## WHAT NEEDS TO BE DONE
Line by line, print the records exactly as they are, dropping the pictures.

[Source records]

┄┄┄┄┄┄┄┄┄┄

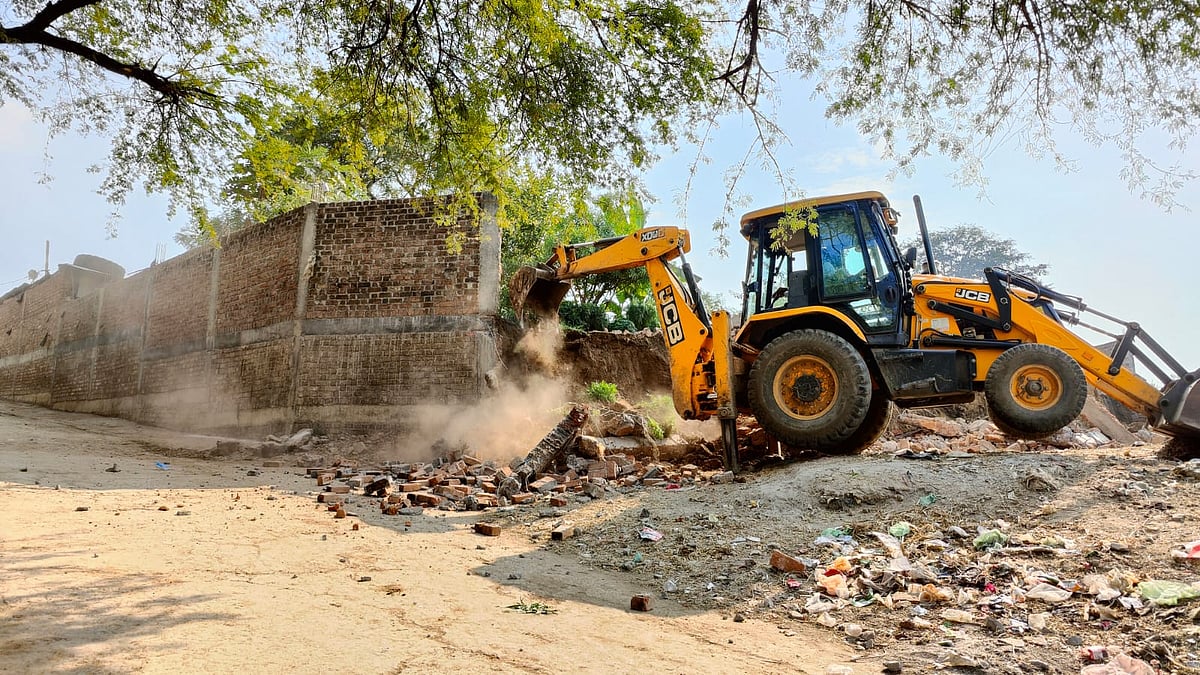 Madhya Pradesh: Encroachment worth Rs 7.5 L bulldozed in Kumbhraj
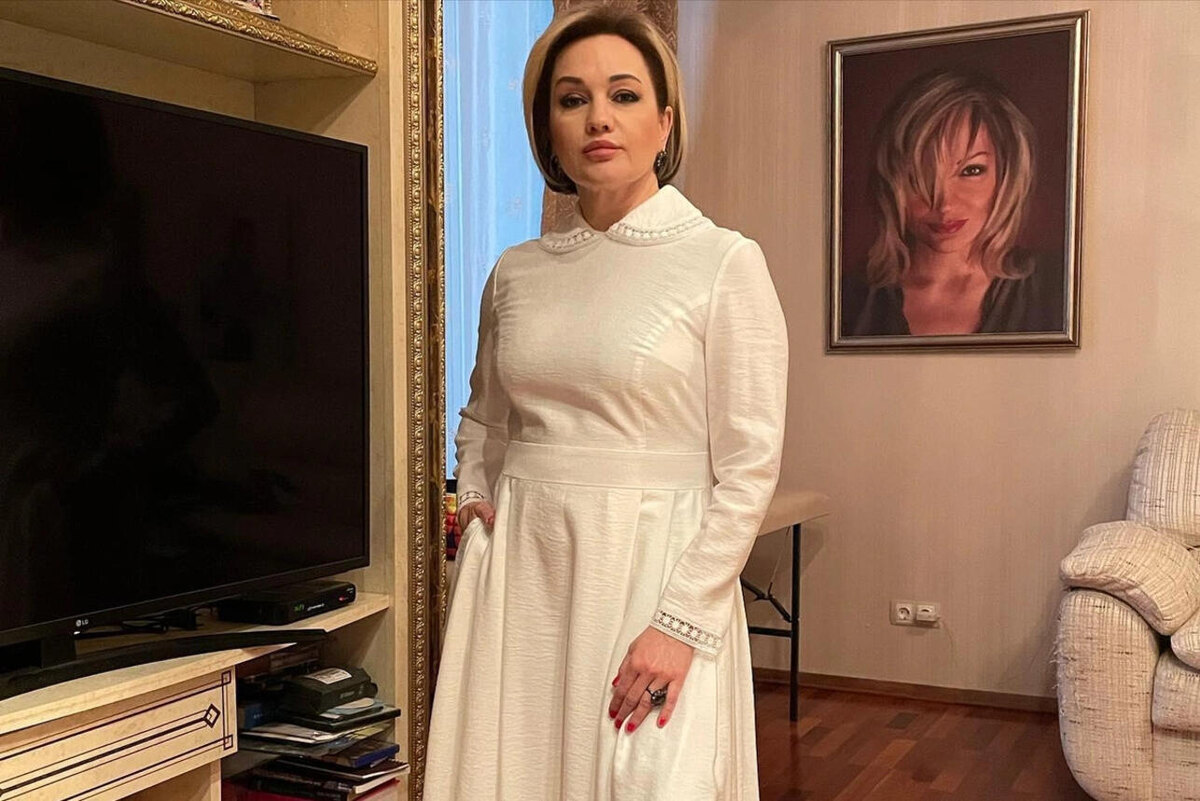    Татьяна Буланова в гостиной Социальные сети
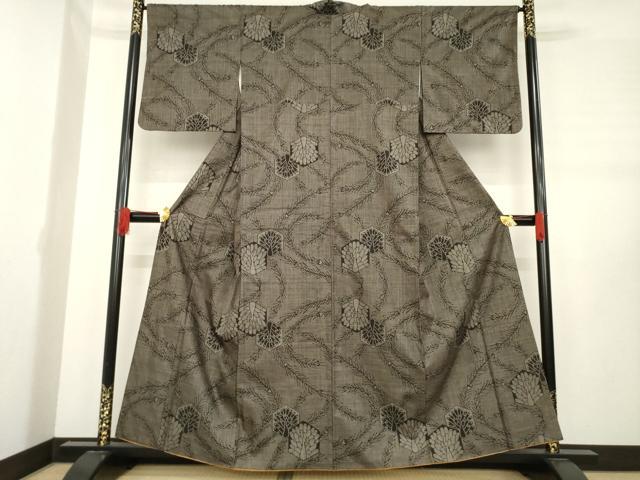 平和屋着物●本場大島紬　亀甲重ね孔雀文　一元絣　正絹　逸品　AABE2479ck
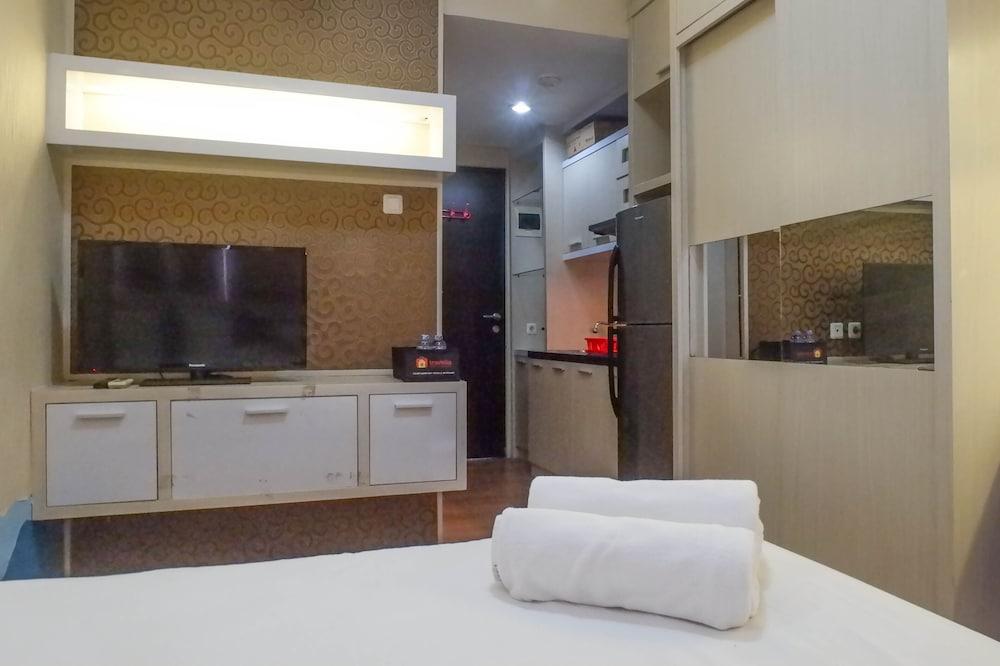 Trendy and Tidy Studio Room at Puri Mas Apartment Exterior
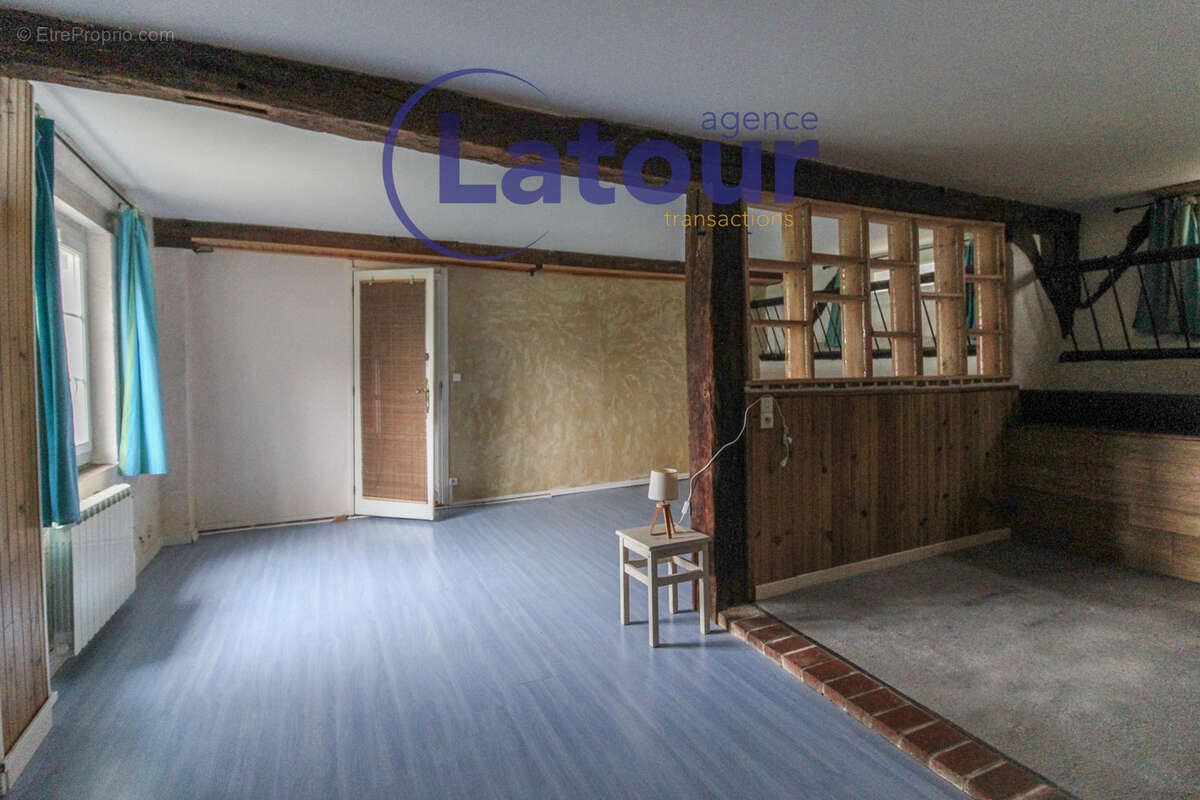 Maison à TREMBLAY-LES-VILLAGES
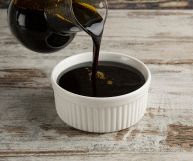 La melassa è un ottimo dolcificante, spesso utilizzato al posto del comune zucchero bianco in quanto meno calorico: ecco i suoi benefici e le controindicazioni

┄┄┄┄┄┄┄┄┄┄

## EXERCISE SOLUTION
 Madhya Pradesh: Encroachment worth Rs 7.5 L bulldozed in Kumbhraj
    Татьяна Буланова в гостиной Социальные сети
 平和屋着物●本場大島紬　亀甲重ね孔雀文　一元絣　正絹　逸品　AABE2479ck
 Trendy and Tidy Studio Room at Puri Mas Apartment Exterior
 Maison à TREMBLAY-LES-VILLAGES
 La melassa è un ottimo dolcificante, spesso utilizzato al posto del comune zucchero bianco in quanto meno calorico: ecco i suoi benefici e le controindicazioni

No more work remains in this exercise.